Under the law, company officials could also face fines of
up to €250,000 — and the platforms themselves could face fines of 1.25 million
euros, according to an article in the New York Times. The piece also
notes that multiple violations could result in “fines of up to 4 percent of a
company’s global revenue — meaning, potentially, tens or even hundreds of
millions of dollars.” It could also punish people who abuse the reporting
features on social-media sites with up to a year in prison and a fine of up to
€15,000.
The Times reports that the content that would
count as “hate speech” covers a wide scope of things, such as speech that
disparages someone on the basis of sexual orientation, religion, nationality,
race, gender identity, or disability; harassment; and propaganda tied to
terrorism or war crimes.
Unlike the United States, France already has laws in
place that regulate hate speech, so this proposal just represents making those
regulations broader. I think that France should actually want to move in the opposite
direction — or, at the very least, not make things worse by enacting this law.

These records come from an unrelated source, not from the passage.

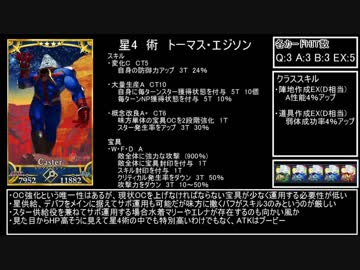 【FGO】全サーヴァント性能ランキング【178位～150位】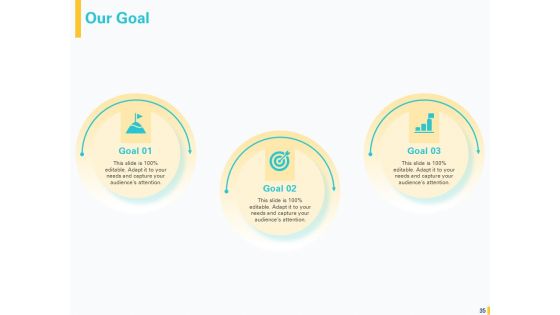Designing Great Client Experience Action Plan Ppt PowerPoint Presentation Complete Deck With Slides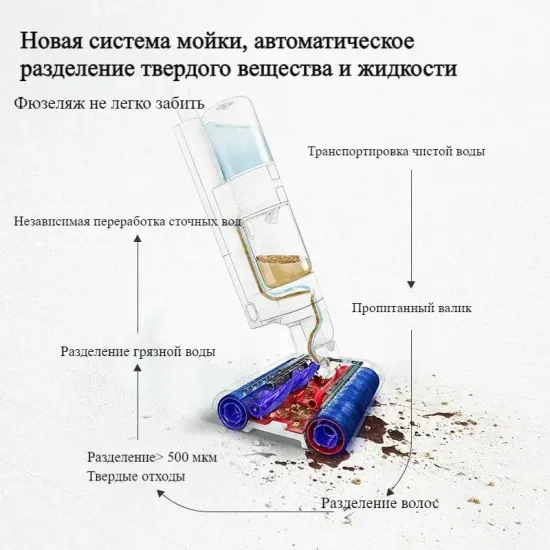 Беспроводной пылесос Dyson Wash G 1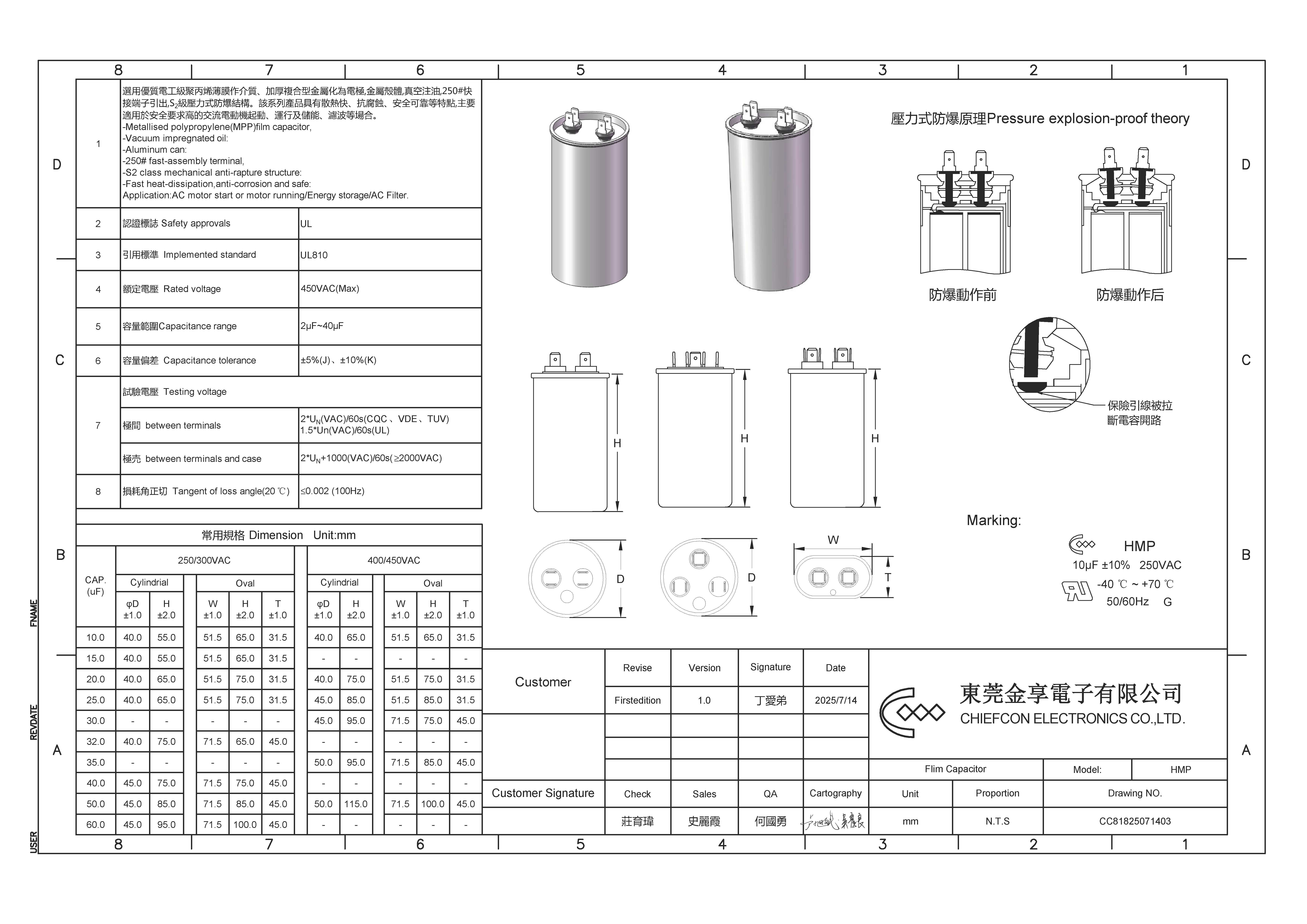 HMP Series | HMP 250/300/400/450VAC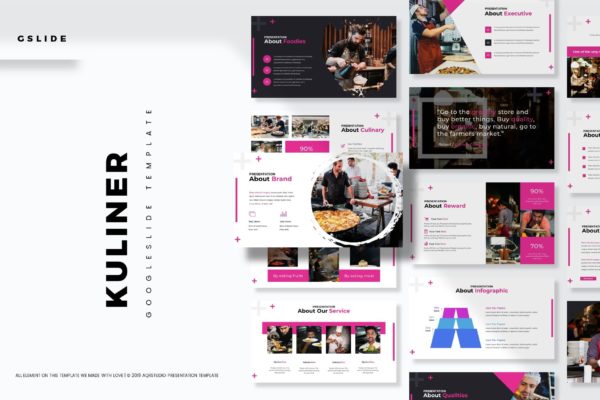 西餐西式美食品牌介绍Google演示文稿高端模板精选 Kuliner – Google Slides Template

People who support laws that ban “hate speech” always
argue that they are necessary in order to protect people’s feelings. Although
I’d agree that it’s very nice to be nice, I’d also say that there’s something
that a country should be more concerned about protecting instead — and that’s
its citizens’ freedoms.
Make no mistake: What does and does not count as “hate
speech” is something that is completely in the eye of the beholder. What one
person might consider “hate speech,” another might think of as a harmless joke.
Everyone is offended by different things, and the same speech can cause
different reactions from different people. This, of course, is exactly
the problem with laws like the one being proposed: It would give the government
the power to literally imprison people based on a completely subjective standard,
and that’s not fair.
So what would be a better solution to fighting “hate
speech,” rather than banning it? Well, I’d argue that the best way to counter
speech you don’t like is never by banning it, but rather by using your own
speech to argue against it. Thankfully, we still handle it that way in the
United States, and I’m glad that we do.
Can it be difficult to read some of the vitriol that
people spew online? Yes, of course it can, and that is something that I
know firsthand. The thing is, though, something that I’d find much more
upsetting than even the most disgusting of speech would be seeing the
government have the power to tell people that they can’t use it. There is,
after all, only one way to guarantee that the government never has the power to
censor you, and that’s not giving them the power to censor anyone. You might
want laws to silence bigots, but once you give the government the right to
silence anyone, it could someday use those same laws to silence you.